Going line by line through the records below, write out everything starting with the line containing "Doug Wilson Autographed" and going on through the line containing "Bộ Sofa ARCO", exactly and inclusively. Pictures do not go in.
*** Opening of Material for this task ***
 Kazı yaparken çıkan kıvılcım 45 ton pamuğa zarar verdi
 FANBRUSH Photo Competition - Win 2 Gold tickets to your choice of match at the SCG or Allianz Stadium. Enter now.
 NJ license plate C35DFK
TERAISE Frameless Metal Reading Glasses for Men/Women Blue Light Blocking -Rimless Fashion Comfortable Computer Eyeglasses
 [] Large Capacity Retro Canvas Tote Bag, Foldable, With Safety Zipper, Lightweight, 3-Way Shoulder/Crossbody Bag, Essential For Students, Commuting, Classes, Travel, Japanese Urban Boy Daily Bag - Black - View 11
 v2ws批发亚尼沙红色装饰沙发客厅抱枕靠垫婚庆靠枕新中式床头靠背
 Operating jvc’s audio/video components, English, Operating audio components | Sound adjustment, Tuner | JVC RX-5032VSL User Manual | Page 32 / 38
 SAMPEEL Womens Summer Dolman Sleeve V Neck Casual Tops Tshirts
*** Close of Material for this task ***
*** Opening of Material for this task ***
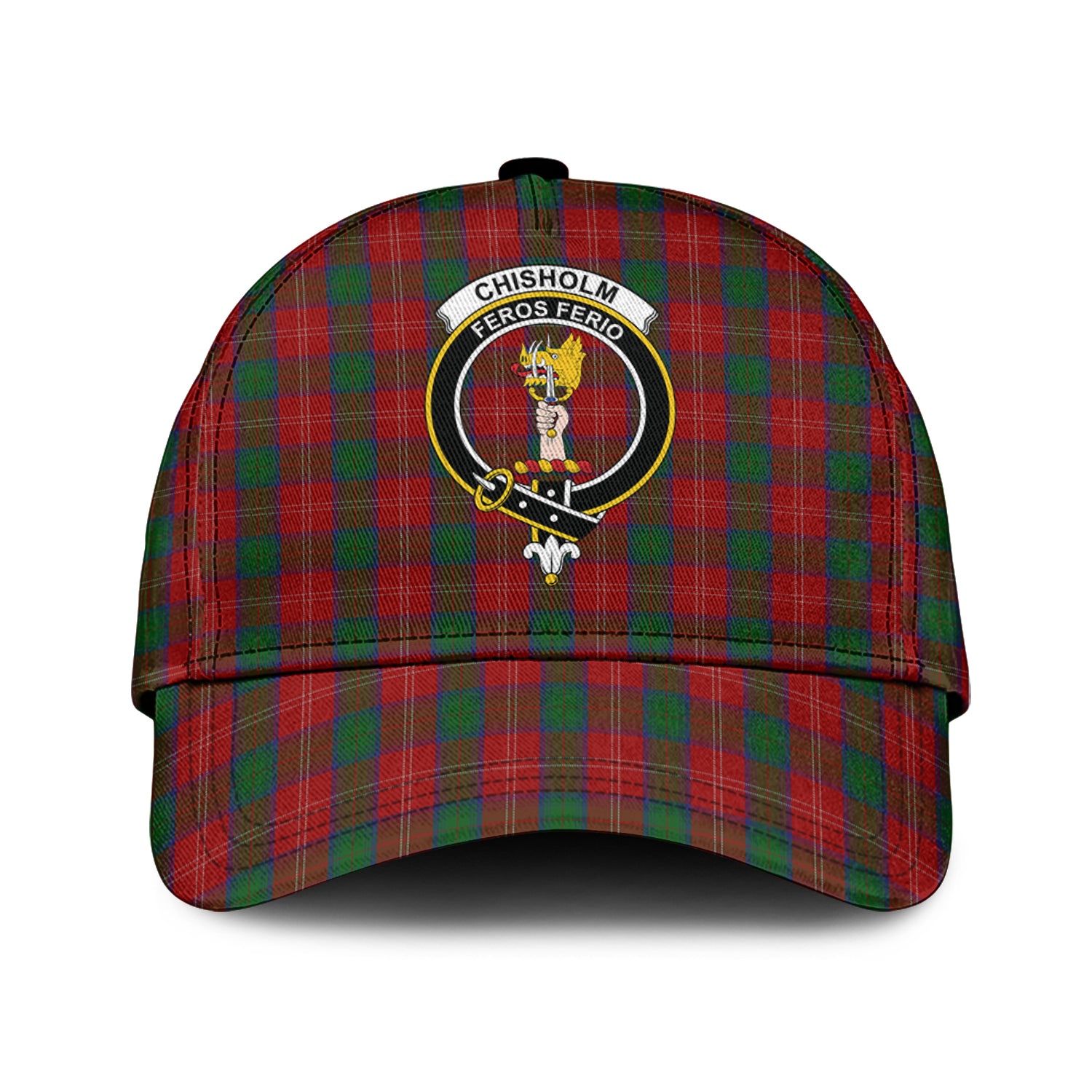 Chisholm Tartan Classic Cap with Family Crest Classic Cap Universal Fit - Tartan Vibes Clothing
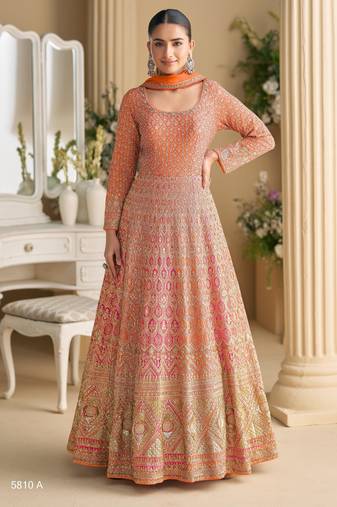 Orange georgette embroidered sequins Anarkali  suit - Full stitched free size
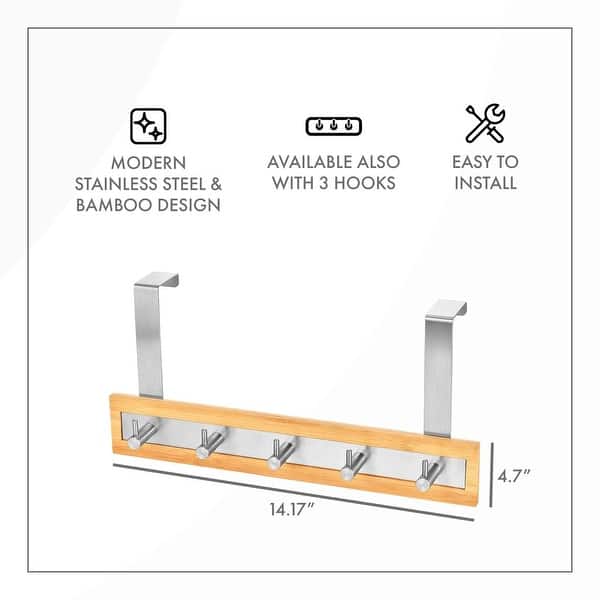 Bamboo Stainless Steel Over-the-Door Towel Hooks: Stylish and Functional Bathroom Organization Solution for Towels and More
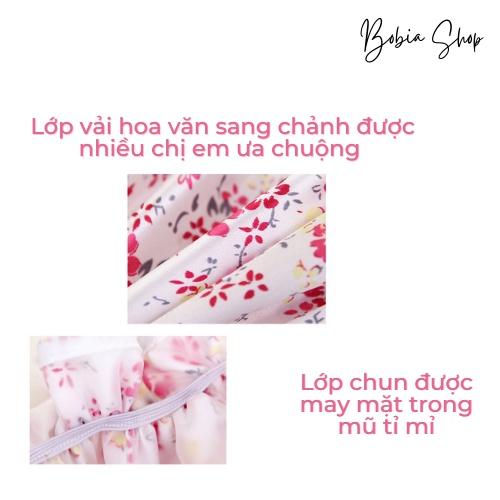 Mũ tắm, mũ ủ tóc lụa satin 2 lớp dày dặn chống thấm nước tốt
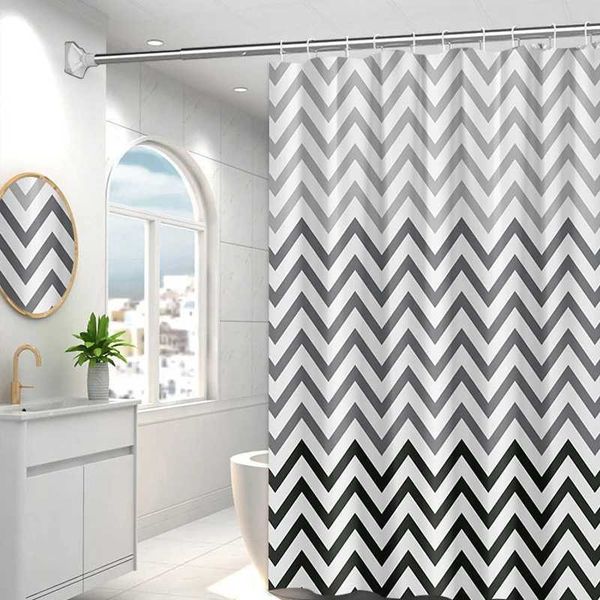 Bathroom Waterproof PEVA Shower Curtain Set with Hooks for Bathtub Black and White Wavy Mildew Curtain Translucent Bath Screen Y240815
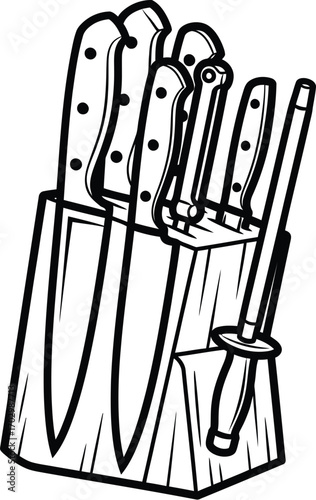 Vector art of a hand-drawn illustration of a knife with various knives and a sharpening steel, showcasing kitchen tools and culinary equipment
*** Close of Material for this task ***
*** Opening of Material for this task ***
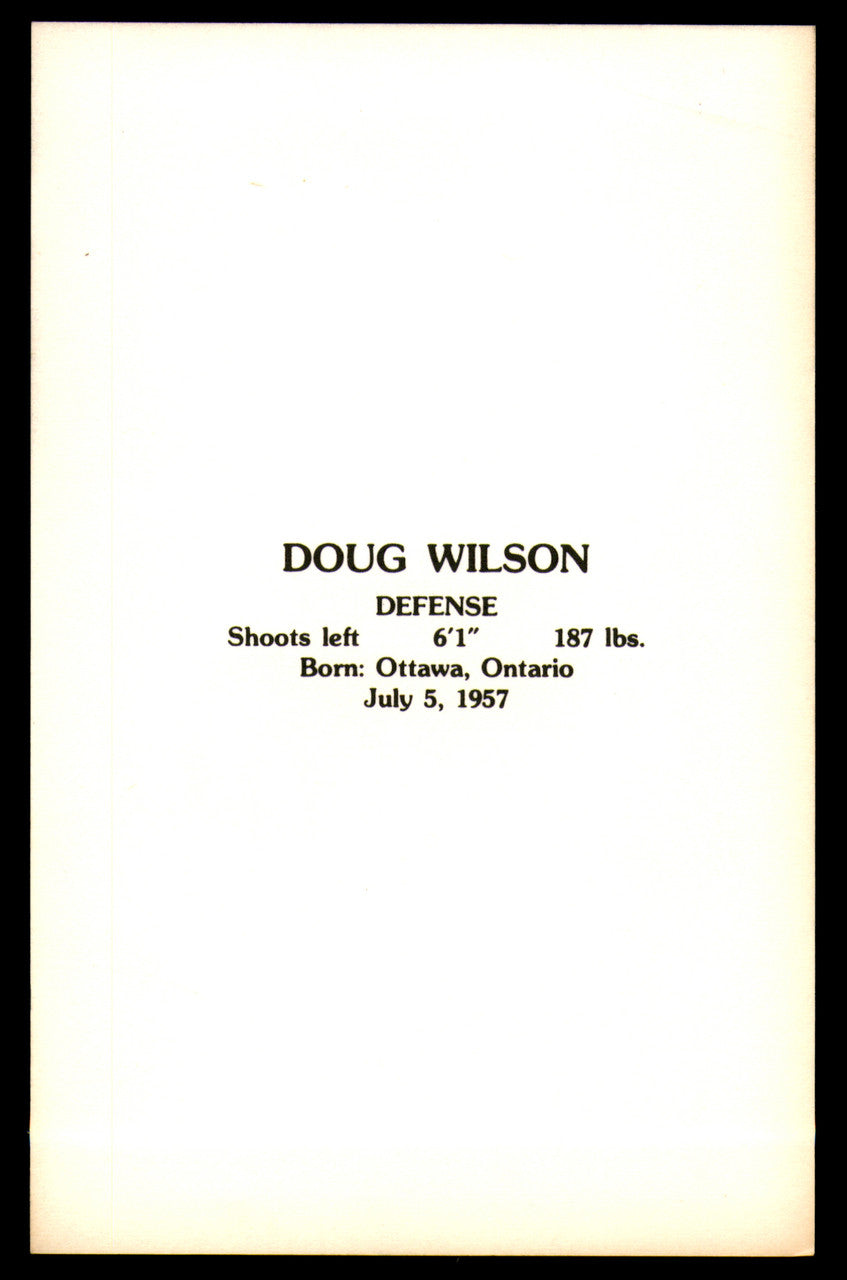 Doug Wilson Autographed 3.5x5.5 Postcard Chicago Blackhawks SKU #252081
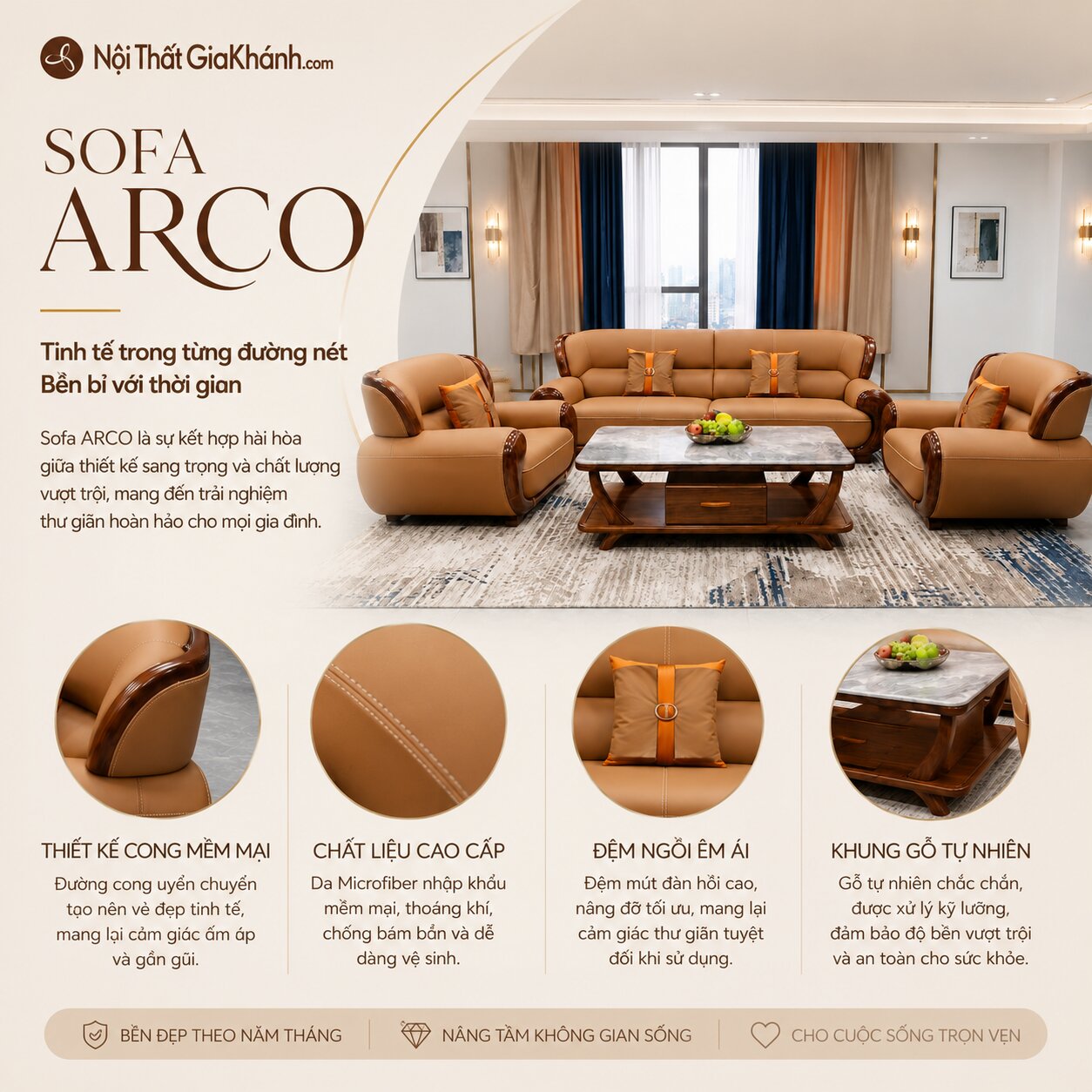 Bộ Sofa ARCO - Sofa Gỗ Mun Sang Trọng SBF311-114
*** Close of Material for this task ***
Response area>
 Doug Wilson Autographed 3.5x5.5 Postcard Chicago Blackhawks SKU #252081
 Bộ Sofa ARCO - Sofa Gỗ Mun Sang Trọng SBF311-114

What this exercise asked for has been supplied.